3) Finally there is a methodological problem, the quality of evidence
for this period is very patchy; as Guillermo noted we are also talking
about a long period of time; its very tempting to consolidate little
facts here and there into a coherent patterns, but this risks (over)
simplifying things significantly.


Not surprisingly the whole issue of ethnic identity is one that has
generated an immense amount of literature from archaeologists and
historians, particularly with reference to the early medieval period.
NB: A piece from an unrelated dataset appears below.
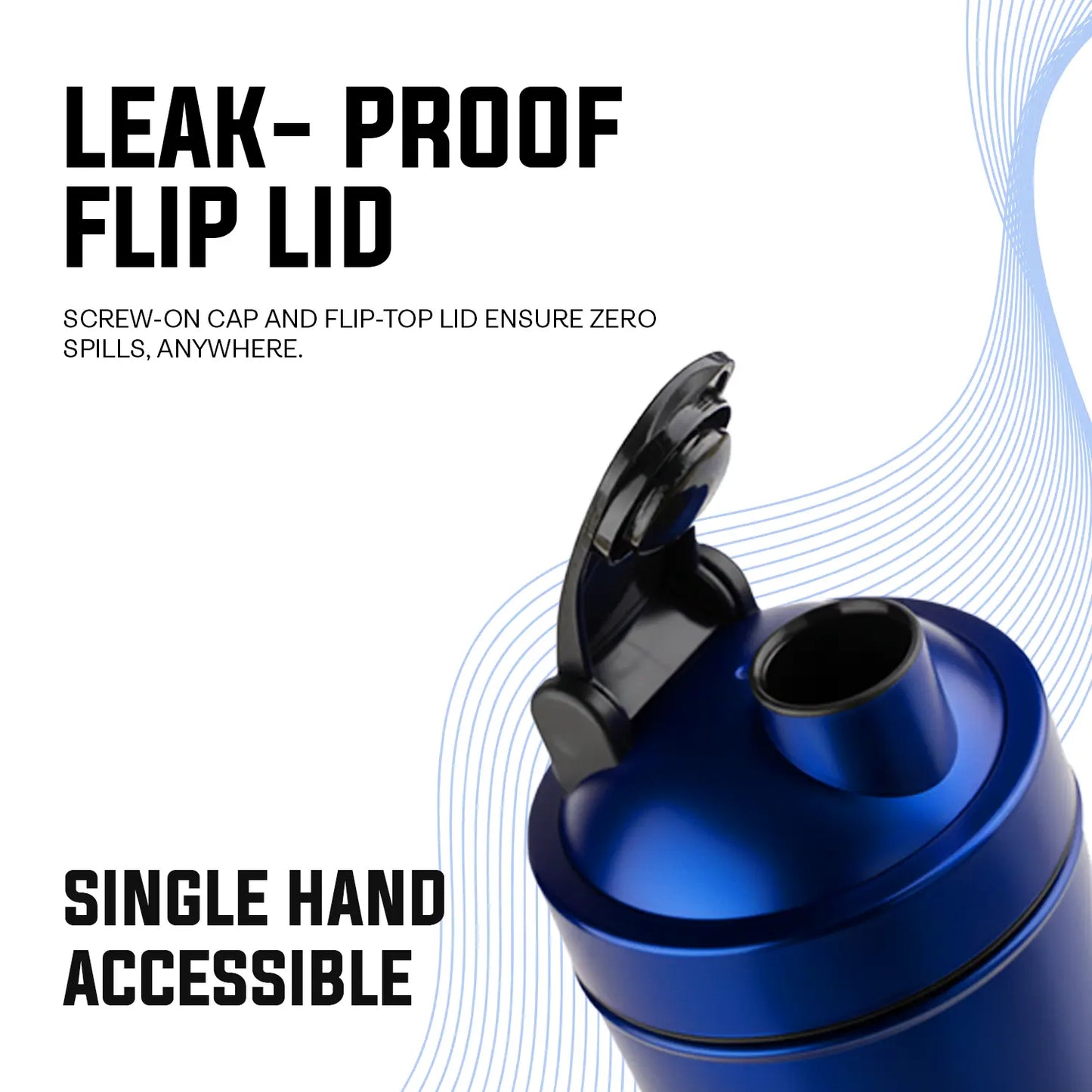 A promotional graphic for "BLUE 1. 8.jpg" highlighting the leak-proof flip lid design of an iMuscles Nutrition shaker bottle. The image emphasizes its screw-on cap and flip-top lid, which ensure zero spills anywhere and provide convenient single-hand accessibility for active users.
I
appreciate that you are primarily writing a work of fiction rather than
engaged in a PhD on archaeology and ethnicity, but if you want to find
out more about how present scholarship views ethnicity I'd suggest
having a look at the following work

- Chapter 2 of Guy Halsall's excellent Barbarian Migrations and the
Roman West 376-568 (2007, Cambirdge University Press), which is an
extremely good introduction to current understandings of how identities
were defined in the early medieval period -even if you read nothing else
on the subject, this is a succinct and up-to-date overview of current
approaches to ethnic identity.

For a more general overview of how archaeologists have looked at ethnic
identity try Sian Jones' Archaeology and Identity (1997; Routledge)

Hope this helps

Best wishes
David






-----Original Message-----
From: British archaeology discussion list
[mailto:[log in to unmask]] On Behalf Of Barbara West
Sent: 25 February 2010 12:20
To: [log in to unmask]
Subject: Re: [BRITARCH] Huns: Part 2

Dear Guillermo-Sven Reher Diez,
 
   Please forgive me for being old and old-fashioned, because I didn't
really understand your post at all.  But I gather it has to do with
these modern notions of "multiculturalism", which is only "Cultural
Marxism" dressed up in a new outfit, like mutton dressed as lamb, or
perhaps a wolf in another garb.  
 
   Imagine a sumptuous wedding banquet, with all the glorious food piled
high on the tables---food prepared with endless care by chefs who had
trained for years in their proud profession.  While all the guests are
happily enjoying the meal, the Cultural Marxists walk in, put the
choicest morsels in their pockets to eat later, and then demand that the
chefs take some food from each dish, and some wine from each bottle,
mash it all up in a blender, and serve it to everyone in a porridge
bowl.  Then they kick out the chefs, take over the banquet hall, and
start haranguing the guests about what to do, what to say and what to
think.  That is my understanding of multiculturalism.
 
   Another way to put it is: Would Norway still be Norway without any
Norwegians in it?
   
   At any rate, thank you for your comments, and I appreciate your
taking time to read my long posts.   And apologies to whoever first
thought of the banquet hall story, because I'm sure I've heard it
somewhere before...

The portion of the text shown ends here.